While Ms. Wallace (see comment #12) may have gone to the time and expense of getting diploma mill degrees, that is not a requirement for calling oneself a “nutritionist”. In fact, since my degrees are all from real, accredited universities (although none of them are in “nutrition”), I am actually more qualified than Ms. Wallace to be on the “Integrative Tumor Board”.
Prometheus
Lilady/Prometheus,
Bauman College – Holistic Nutrition and Culinary Arts? Say no more.
Wikipedia says of Hamilton University “first established in Hawaii as American State University. It has since been closed by court order in Wyoming and has relocated to the Bahamas under the name Richardson University”. “When the CBS 60 Minutes video crew visited the campus, there was no evidence of any students or faculty, but three office workers present.”
Short version – a toothiologist with a PhD in Toothiology is still a toothiologist, especially when the PhD is from Mickey Mouse University.
In my state “Registered Dieticians” are licensed. The minimum education requirement is bachelor degree awarded from an accredited college or university with clinical rotations in a health care setting.
Every hospital that I am aware of does not hire anyone who is not a “registered dietician”. In less acute care settings, such as nursing homes or assisted living facilities, only registered dieticians are on staff.

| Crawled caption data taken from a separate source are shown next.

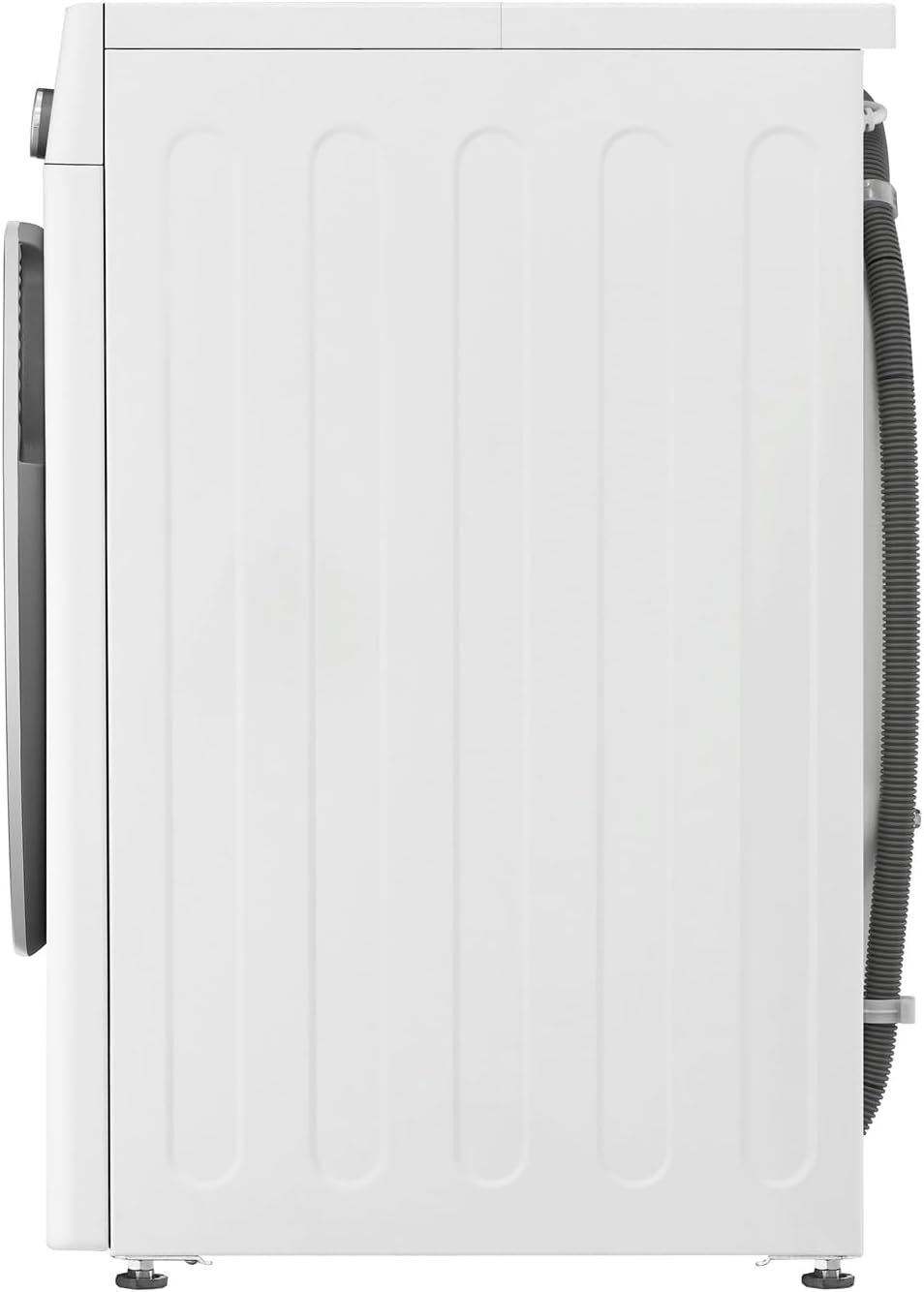 LG Electronics W4WR70961, Klasse A/D, Frontlader-Waschtrockner 9-6 kg, 1360 U/min, AI Direct Drive, Wi-Fi, Tiefenreinigung mit Dampf, TurboWash, Aqualock, Wäsche nachlegen 62 x 60 x 85 cm ꟷ Weiß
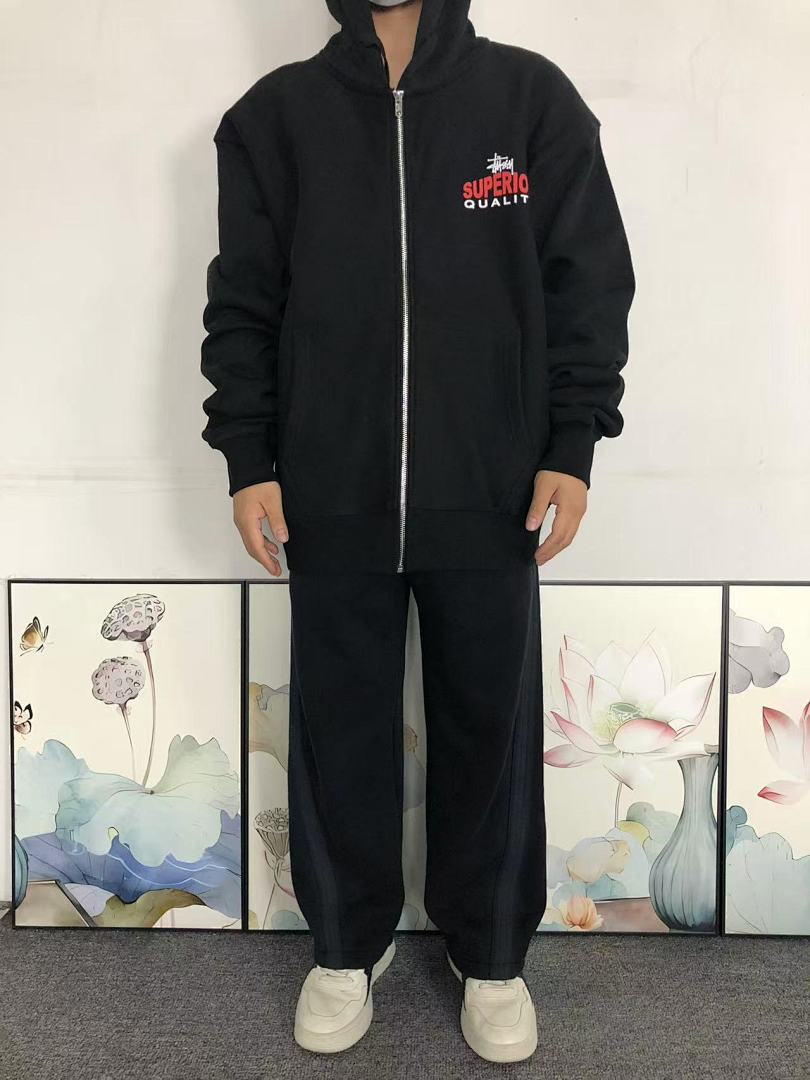 Stussy 228 STUSSY HOODIE 4201260202 (Im 170Cm 60Kg I Wear Size XL In The Phot) - Image 3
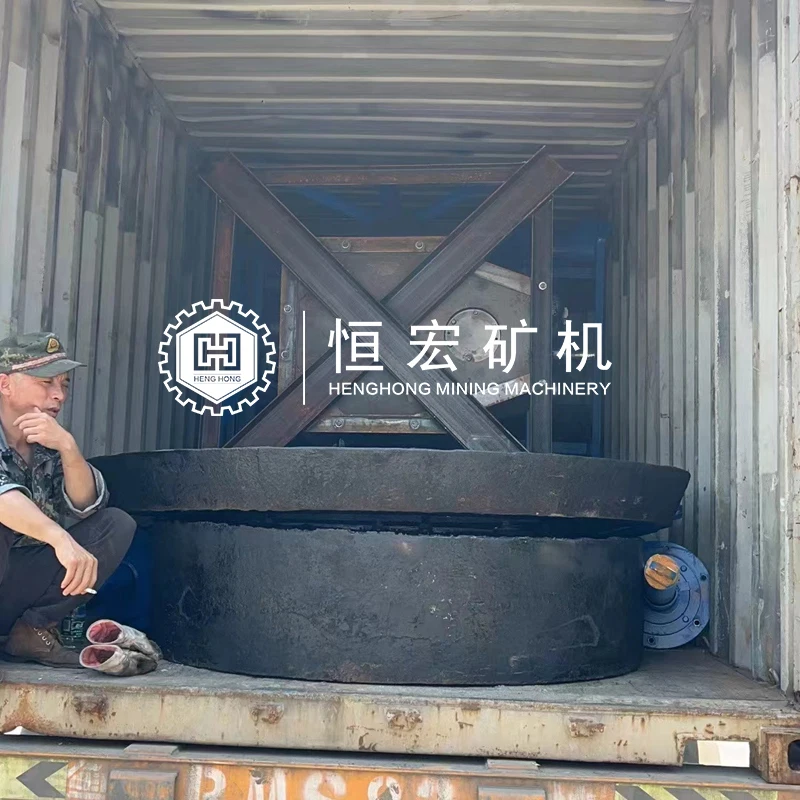 Low Investment Double Wheel Grinder Ac Motor Diesel Engine Mining Copper Ore 1100 1200 1500 1600 Gold Wet Pan Mill in Mauritania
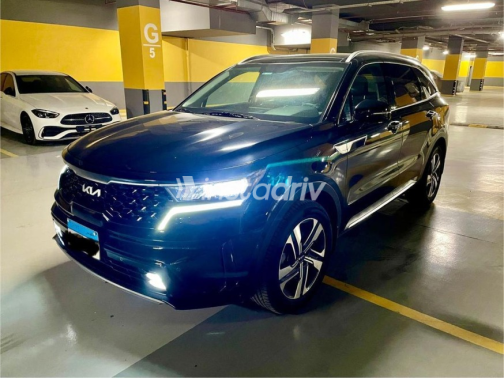 Kia Sorento 2023 Black Automatic Used for Sale in Maadi - 2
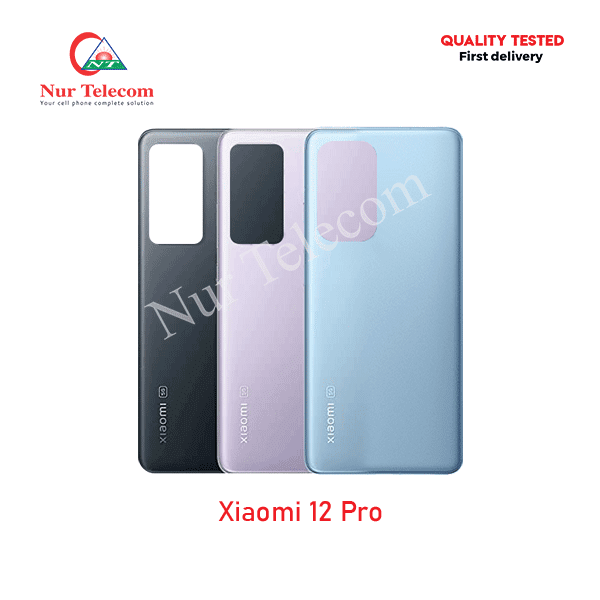 Xiaomi 12 Pro Backshell Price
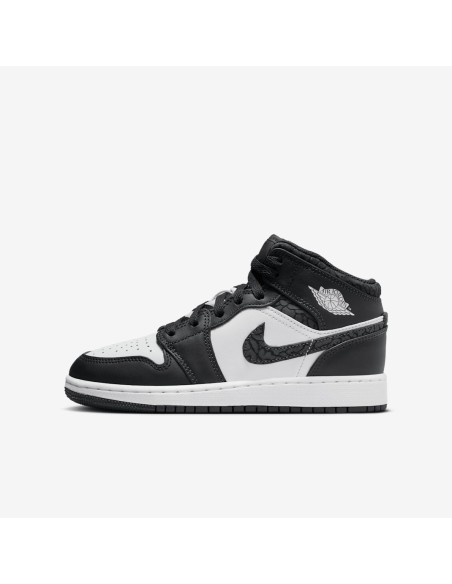 Jordan 1 Mid SE Panda Elephant GS FB9909001 MBS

Matriculating into Hamburger U. and being awarded an advanced degree from that “institute of higher learning” (PhD-Flipping Burgers), would also qualify a person to be on the “Integrative Tumor Board”.
Mind you, Hamburger U is a real place whose education I’d prefer over that of, say, Richardson University. At least I’d have some assurance some actual education occurred, even if it is really just a big corporation’s training department, and even if that would primarily be in restaurant management.
I’ve seen Hamburger U. I have relatives who live within walking distance. They did not attend. But there is a really nice McDonald’s right by it, and while visiting a few years ago, we made a point of eating there. 😉
MESSAGE BEGINS ——————-
Minion Walter,
That was no “water dragon”, that was just me, I took the liberty of using your shower as the new waterless bathing units on the station were under repair. Sorry about shredding your new towels, they shall be replaced forthwith. Good luck anyway.
Lord Draconis Zeneca, VC, iH7L
Forward Mavoon of the Great Fleet, Suzerain of V’tar, Pharmaca Magna of Terra, Fresher than Springtime
PharmaCOM Orbital HQ
0010101101001
—————————————— MESSAGE ENDS
I had always imagined that Lord Draconis Zeneca would be somewhat larger.
Um, herr doktor – I think you may just have made a serious tactical error…
My dearest Lord Draconis,
Oh what are a few towels between friends? However, when you were there did you happen to see Alec? One of the level 5 wonks- fair hair, 5’9″ tall, tended to ramble on too much about economic indices and market trends- but I did so like him! You didn’t … uh.. you know… I hope not. At any rate, if he’s gone, can I have his Jaguar?
The other 5s send their regards ( and requests for raises, as per usual)- they are busily working on our latest manipulations of the mainstream media (CNNBBCCBCmatrix). Just wait! I love wonks!
Much love; kiss kiss.
Sincerely yours,
DW, DL-8
You know, when you first mentioned the get together in a bar, I thought that in true BigPharma style you should respectfully ask Lord Draconis to pick up the tab. It would probably represent less than 0.00001 s of Pharma profit…
@Sheepmilker,
Surely you jest! One does not become Forward Mavoon of the Great Fleet, Suzerain of V’tar, Pharmaca Magna of Terra, etc. etc. etc. by picking up the tab!
Minions who are in the know buy Lord Draconis drinks, then expense them. There have been many an evening that the shills and minions have “shopped for office supplies” under the jovial eye (and deadly claw) of their beloved/feared scaly overlord.